Jika kembali ke belakang, PT itu murni kehendak partai politik sendiri via kadernya di DPR. Jadi aneh, bila hari ini parpol protes bahkan ikut menggugat ketentuan itu ke MK seperti yang dilakukan oleh PKS.
Logisnya, kalau parpol ingin mandiri mengusulkan pasangan capres dan cawapres, maka ambang batas itu dihapuskan. Tapi karena demi kepentingan taktis dan sesaat, parpol kemudian memasang ambang batas meski kemudian disadari keputusan itu buruk bagi parpol dan demokrasi itu sendiri.
Aneh memang, mungkin hanya di negeri ini saja parpol membuat aturan yang mengebiri salah satu fungsi pentingnya yaitu rekrutmen politik. Padahal, itu mahkota parpol yang harus dijaga dari kemungkinan digilas oleh kekuasaan.
Karena itu, tak salah bila orang mengatakan bahwa partai politik di negeri ini didirikan bukan untuk mendidik kader yang siap dicalonkan menjadi pemimpin tapi sekadar menjual lisensi dan tiket bertarung kepada siapapun yang mampu membayar.
Selanjutnya, soal ketiga dari PT itu yakni menyempitnya ruang kompetisi dalam demokrasi elektoral kita. Keberlakuan ambang batas, apalagi terlalu tinggi seperti saat ini, persis menutup kesempatan bagi orang-orang hebat bangsa ini untuk mencalonkan diri sebagai presiden maupun wakil presiden.
Padahal, kalau tanpa ambang batas, lebih banyak orang yang bisa dicalonkan. Bayangkan saja, kalau 18 parpol peserta pemilu 2024 ini mengusulkan pasangan calonnya sendiri-sendiri, maka akan ada 18 pasangan calon yang akan dipilih.

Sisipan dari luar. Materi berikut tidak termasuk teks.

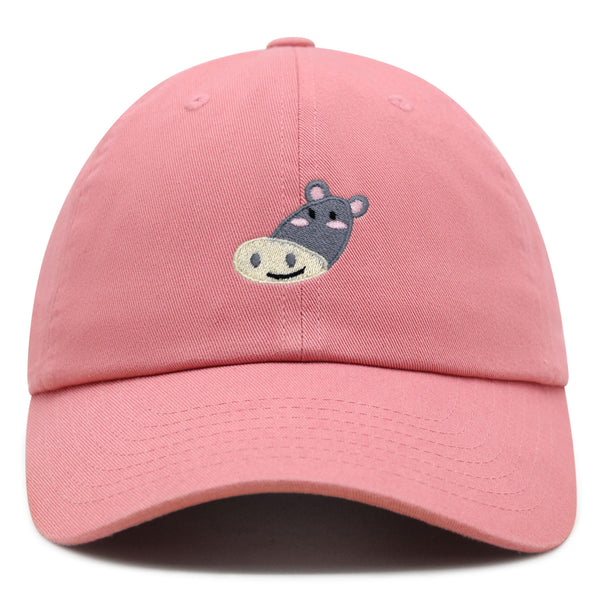 Cute Hippo Face Premium Dad Hat Embroidered Baseball Cap Zoo Hippopotamus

Tentu rakyat beruntung jika tersedia banyak pilihan. Sebab, ada ruang bagi rakyat untuk membandingkan pasangan calon sebelum memilih yang terbaik untuk memimpin negeri ini.
Hal ini menjadi penting sebab presiden dan wapres Indonesia itu akan memimpin ratusan juta orang. Taruhanya besar sekali. Karena itu, selayaknya pilpres harus dipertandingkan secara ketat dengan melibatkan banyak konstestan.

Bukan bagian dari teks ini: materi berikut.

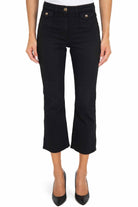 Elisabetta Franchi jeans flare cropped in denim nero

Soal keempat dari PT itu yakni menguatnya oligarki dalam pilpres kita. Sadar atau tidak, rezim ambang batas itu membuat tiket jadi mahal. Itu terjadi karena tiketnya sangat terbatas.

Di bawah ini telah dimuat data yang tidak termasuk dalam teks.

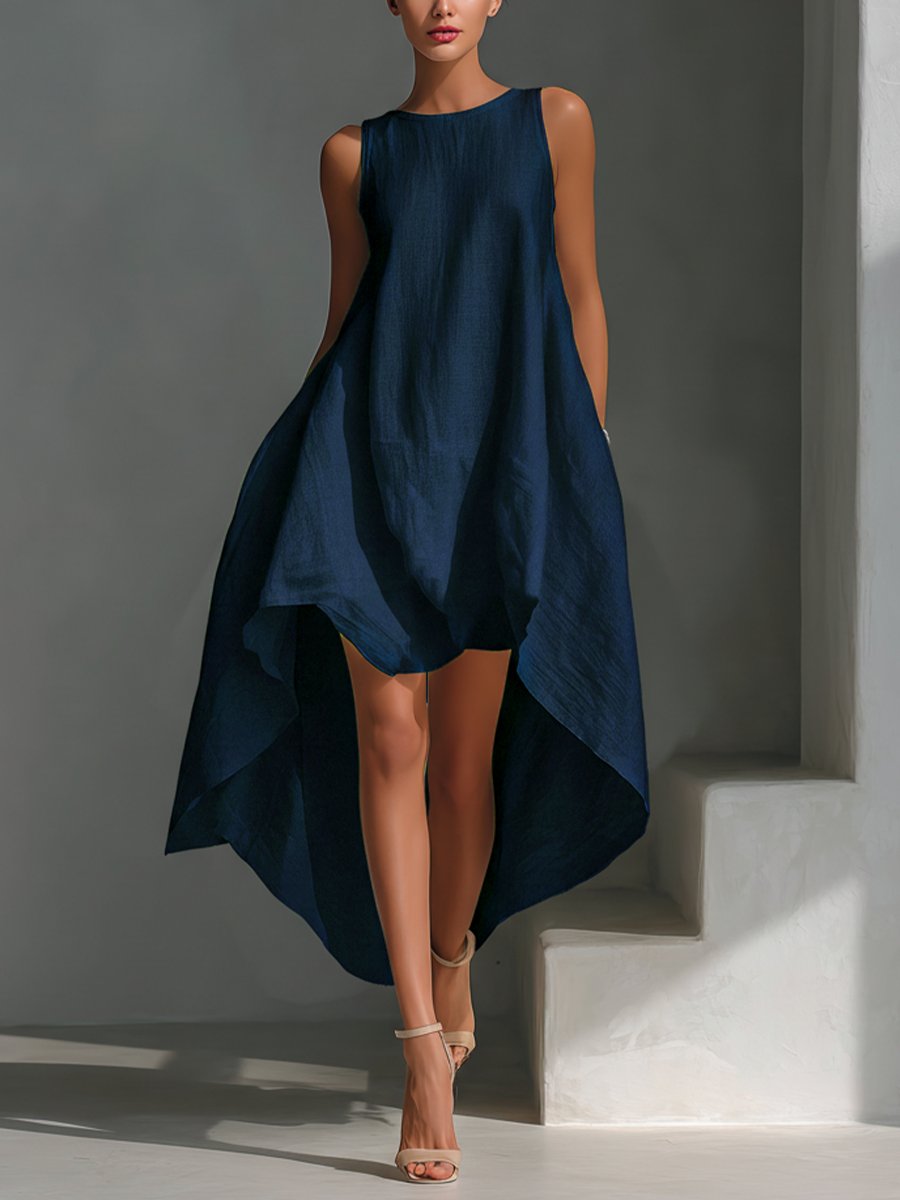 Women's Sleeveless Linen Midi Dress with Pointed Hem Panels for Summer Occasions | Koossa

Sebagaimana kebiasaan pasar, kalau barangnya langka pasti saja harganya mahal. Akibatnya, tak semua orang sanggup membelinya dan hanya orang beruang saja yang punya akses ke sana.
Kondisi demikianlah yang mengundang oligarki masuk dan membajak pilpres dari hulu hingga ke hilir. Jika demikian, kandidasi pilpres menjadi semacam pasar politik, dimana penjual dan pembeli tiket bertransaksi.
Di sinilah uang menjadi penentu. Wajar kalau para bohir di sekitar kandidat sangat dominan mempengaruhi pandangan dan proposal kebijakan yang ditawarkan kepada pemilih.
Belum Terlambat
Masih ada waktu bagi MK untuk menghapus ambang batas ini dan menegakan maksud sebenarnya dari Pasal 6A ayat 2 UUD 1945. Mengacu PKPU 3/2022, tahapan pencalonan presiden dan wapres baru akan bergulir September 2023 mendatang.
Waktu sembilan bulan ke depan masih cukup untuk membuat terobosan berguna demi terbangunnya tertib berkonstitusi. Kuncinya, ada kemauan baik MK untuk menjaga kedaulatan konstitusi. Sebab, sudah terbukti PT itu merusak konstitusi dan demokrasi.
Lantas apa yang bisa dibuat? Setidaknya ada dua jalan yang bisa ditempuh yakni penerbitan Perpu dan gugatan massif ke MK. Perpu tentu bukan pilihan terbaik, tapi menjadi pilihan yang mungkin bisa diambil Presiden dalam waktu yang masih tersisa ini.
Adapun kegentingan yang menjadi dasar Perpu itu yakni semakin meluasnya keresahan masyarakat atas penerapan ambang batas serta dampak pilpres yang diikuti sedikit pasangangan calon sebagaimana pernah terjadi pada pilpres 2014 dan 2019.
Jika opsi perpu tak diambil, maka jalan berikutnya yakni mengajak sebanyak-banyak elemen masyarakat untuk terus menggugat ketentuan ini ke MK. Selain itu jalan konstitusional, mungkin saja MK akan berubah pendirian begitu melihat masifnya gugatan soal ini ke lembaganya.
Dua jalan itu sesungguhnya tak ideal, tapi terpaksa dilakukan demi terbangunya tertib berkonstitusi. Pasti ada tantangan dan tekanan, terutama dari kelompok-kelompok yang sudah nyaman dengan rezim ambang batas ini.
Tapi, apakah konstitusi dibuat untuk melayani kepentingan kelompok semacam itu? Tentu saja tidak. Konstitusi itu dibuat untuk ditegakkan demi kebaikan seluruh warga bangsa.